● **YOUR OBJECTIVE**
Down to the last word, output the records below, skipping any images.

[Crawled caption data]

▬▬▬▬▬▬

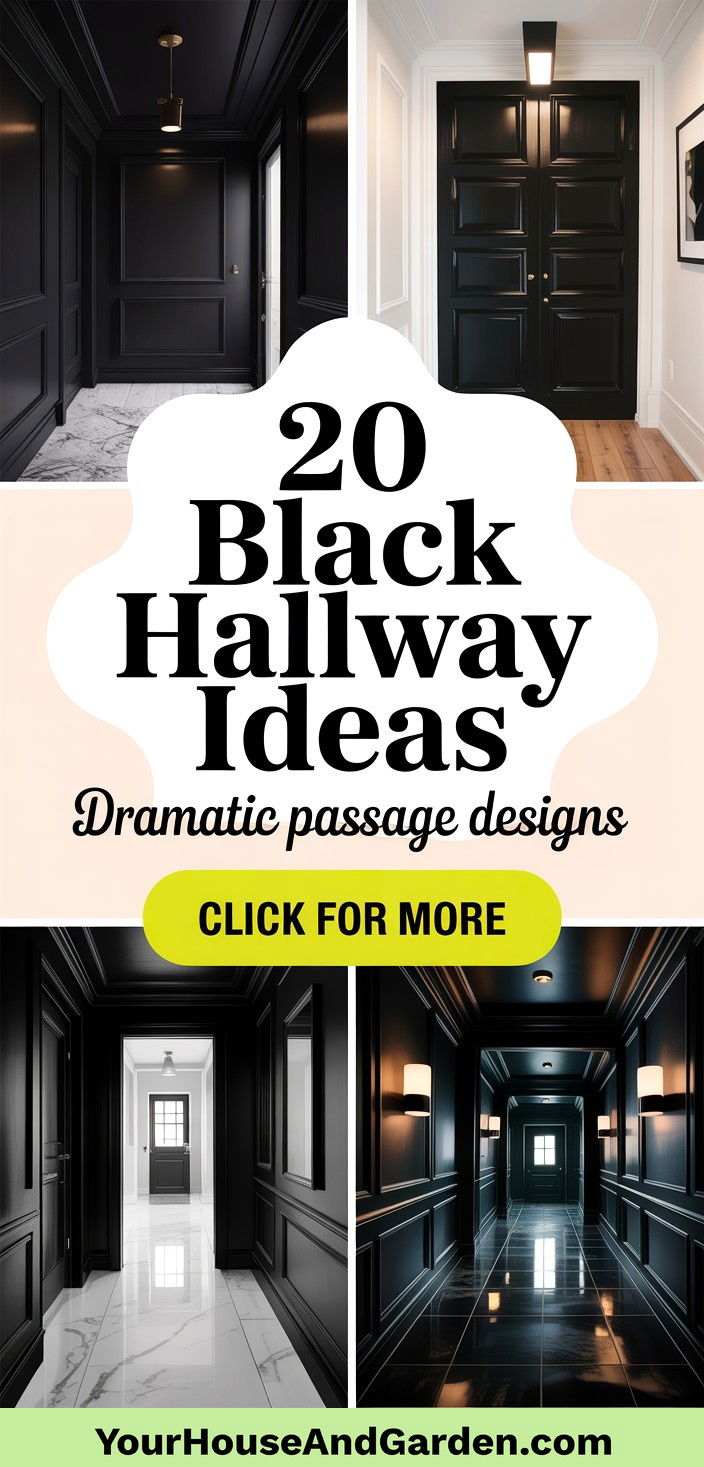 20 Black Hallway Ideas Elegant and Dramatic Passage Designs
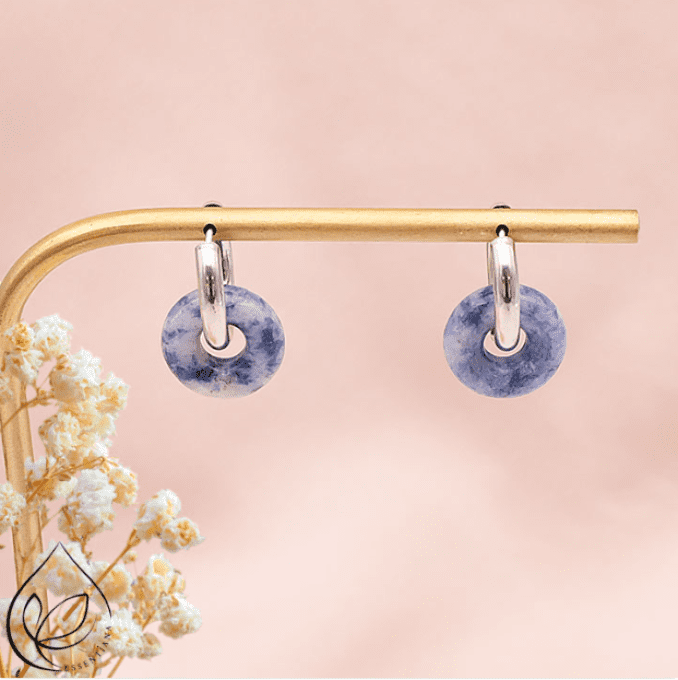 Boucle d'oreille Loa argentée (1 paire)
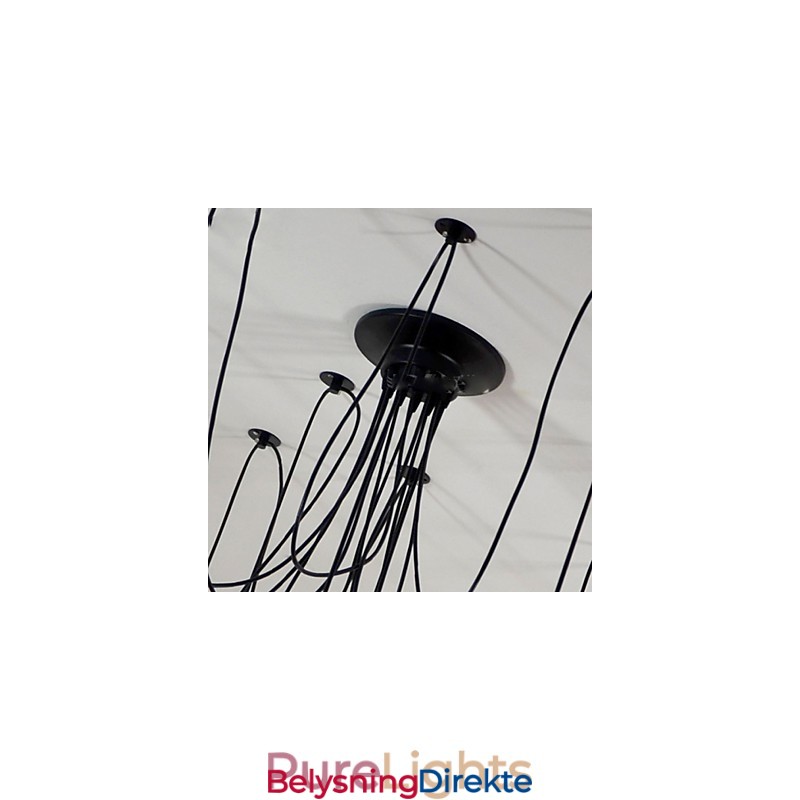 Vintage Edison Justerbar Taklampe Med Flere Justerbare Elementer, Pendellampe, Lysekrone, Moderne, Elegant, Industriell, Spisestue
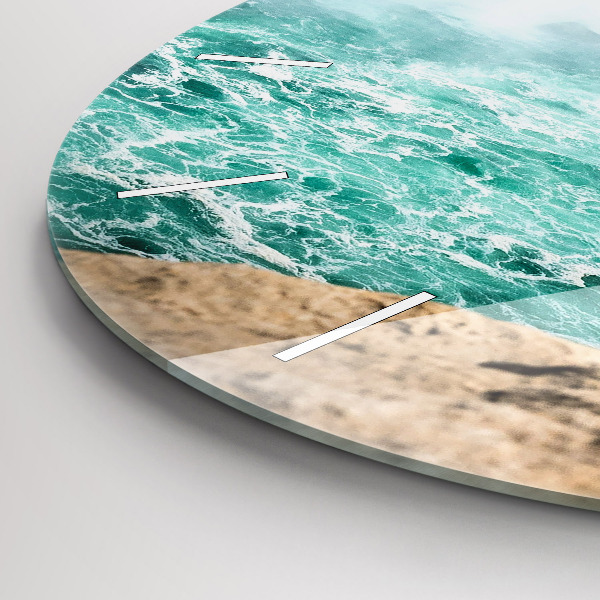 Zegar okrągły z nadrukiem Łódka i Niagara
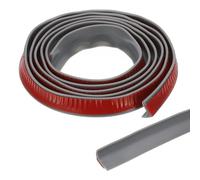 PATIKIL 79 Pollice Soglia Doccia Pieghevole Diga Acqua, Barriera Stopper Doccia Autoadesiva per Protezione Contro Schizzi per Porta Doccia Senza Cornice, Grigio (0.8"Lx0.5"P)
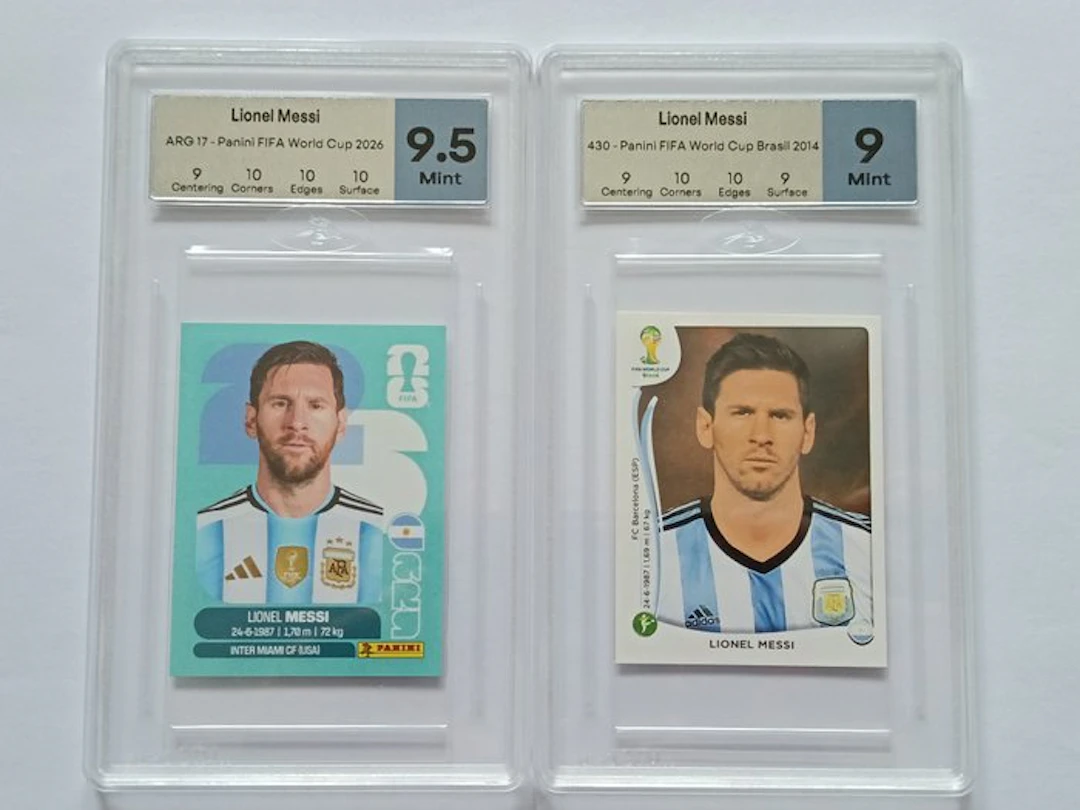 2026, 2014 Panini FIFA World Cup Lionel Messi Graded card...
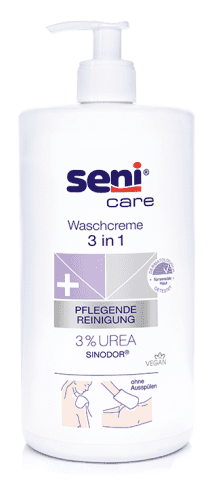 Seni Care 3 in 1 Waschcreme mit 3% Urea 1000ml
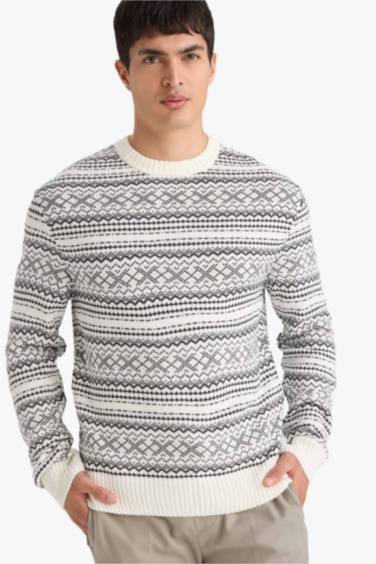 Relax Fit Crew Neck Knitwear Pullover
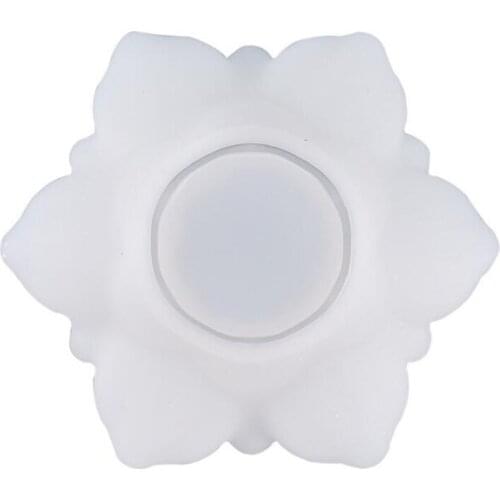 DIY Crafts Crystal Epoxy Resin Mold Flower Storage Box Casting Silicone Mould W0YA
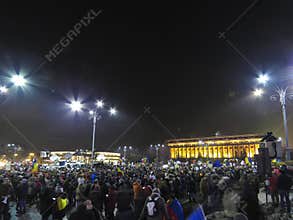 Romanian people united against corruption and abuse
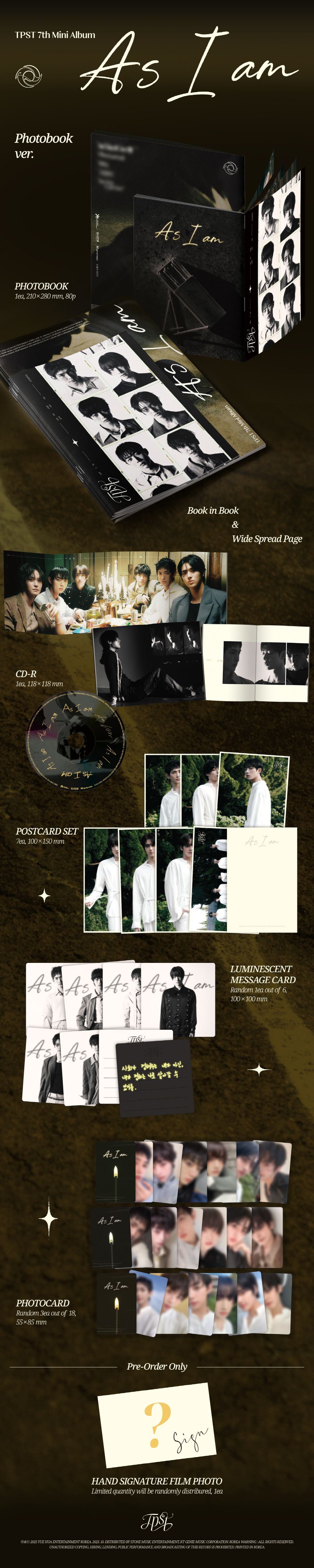 TEMPEST - 7th Mini Album [As I am] (Photobook ver.)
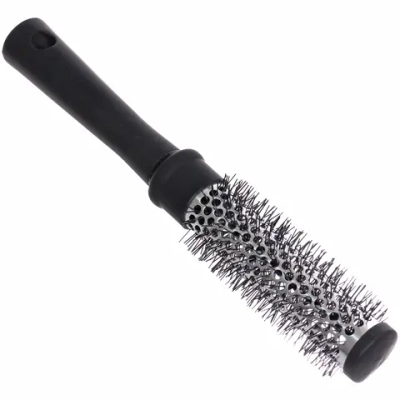 Расческа массажная брашинг «СЕКРЕТ ТВОЕЙ КРАСОТЫ», цвет черный, матовое покрытие, 2.5*22см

▬▬▬▬▬▬

● **REPLY**
 20 Black Hallway Ideas Elegant and Dramatic Passage Designs
 Boucle d'oreille Loa argentée (1 paire)
 Vintage Edison Justerbar Taklampe Med Flere Justerbare Elementer, Pendellampe, Lysekrone, Moderne, Elegant, Industriell, Spisestue
 Zegar okrągły z nadrukiem Łódka i Niagara
 PATIKIL 79 Pollice Soglia Doccia Pieghevole Diga Acqua, Barriera Stopper Doccia Autoadesiva per Protezione Contro Schizzi per Porta Doccia Senza Cornice, Grigio (0.8"Lx0.5"P)
 2026, 2014 Panini FIFA World Cup Lionel Messi Graded card...
 Seni Care 3 in 1 Waschcreme mit 3% Urea 1000ml
 Relax Fit Crew Neck Knitwear Pullover
 DIY Crafts Crystal Epoxy Resin Mold Flower Storage Box Casting Silicone Mould W0YA
 Romanian people united against corruption and abuse
 TEMPEST - 7th Mini Album [As I am] (Photobook ver.)
 Расческа массажная брашинг «СЕКРЕТ ТВОЕЙ КРАСОТЫ», цвет черный, матовое покрытие, 2.5*22см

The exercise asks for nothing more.